───── COLLECTED MATERIAL

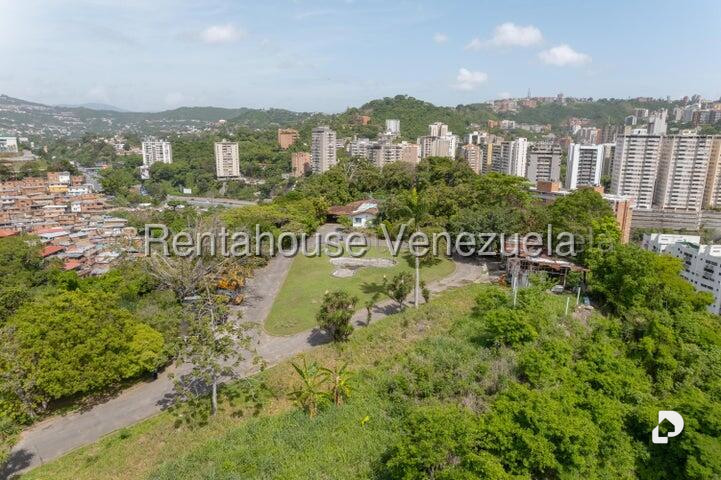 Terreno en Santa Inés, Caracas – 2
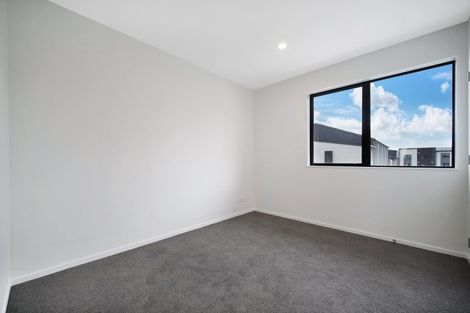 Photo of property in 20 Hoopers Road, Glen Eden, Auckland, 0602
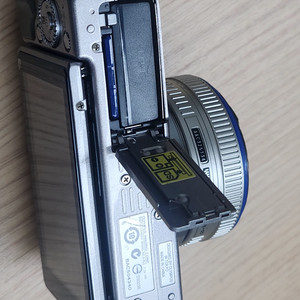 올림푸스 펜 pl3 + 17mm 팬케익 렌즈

──────────

Copy everything in the listing above exactly except the pictures.

#### RESPONSE AREA
 Terreno en Santa Inés, Caracas – 2
 Photo of property in 20 Hoopers Road, Glen Eden, Auckland, 0602
 올림푸스 펜 pl3 + 17mm 팬케익 렌즈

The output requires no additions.